Why SQL Breaks for Relationship Queries#
The LinkedIn Problem#
You're building LinkedIn's "People You May Know" feature. You have two tables:
users table friendships table
id | name user_id | friend_id
----|------ --------|----------
1 | Alice 1 | 2
2 | Bob 1 | 3
3 | Charlie 2 | 4
4 | David 3 | 5
To find Alice's direct friends — 1 hop — simple:
To find friends-of-friends — 2 hops — you need a join:
SELECT f2.friend_id
FROM friendships f1
JOIN friendships f2 ON f1.friend_id = f2.user_id
WHERE f1.user_id = 1;
Tracing through this with actual data:
Pass 1 (f1) — find Alice's friends:
user_id=1 → friend_id=2 (Bob)
user_id=1 → friend_id=3 (Charlie)
Pass 2 (f2) — find friends of Bob and Charlie:
Bob (id=2) → friend_id=4 (David)
Charlie (id=3) → friend_id=5 (someone else)
Result: David and that someone — friends-of-friends of Alice
This works fine on a small table. The problem arrives at scale.
The Exponential Join Problem#
LinkedIn has 900 million users. The friendships table has billions of rows.
Each join reads the entire friendships table again:
1 hop → 1 table scan (fast)
2 hops → 2 table scans (manageable)
3 hops → 3 table scans (slow)
4 hops → 4 table scans (minutes)
5 hops → 5 table scans (unusable)
And it gets worse — each scan returns more rows than the last, because the fan-out grows with each hop. Alice has 500 friends → each has 500 friends → 250,000 friend-of-friends → each has 500 friends → 125 million nodes at 3 hops.

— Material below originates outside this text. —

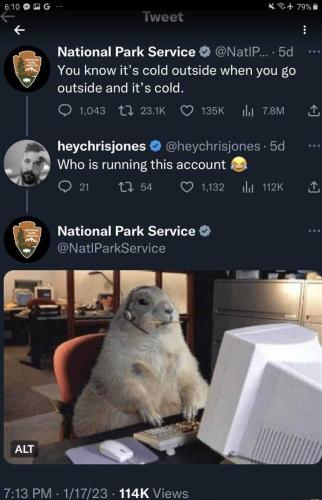 National Park Service tweet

A 3-hop SQL query on LinkedIn's friendships table could take minutes — completely unusable for a real-time feature.
The root cause
SQL stores relationships as rows. To traverse a relationship, you scan a table. More hops = more scans. The cost grows with both the number of hops AND the size of the table. Neither scales.
Why This Is a Data Model Problem, Not Just a Performance Problem#
You could add indexes, partition the friendships table, throw more hardware at it. It helps at 2 hops. It doesn't fundamentally fix 5+ hops.
The problem is that SQL was never designed for relationship traversal. A row in the friendships table has no direct connection to the user it points to — the database has to look it up every single time via an index or scan.
What you actually need is a data model where relationships are first-class citizens — stored with direct connections to the nodes they link, so traversal is just following a pointer rather than scanning a table.
That's exactly what a graph database provides.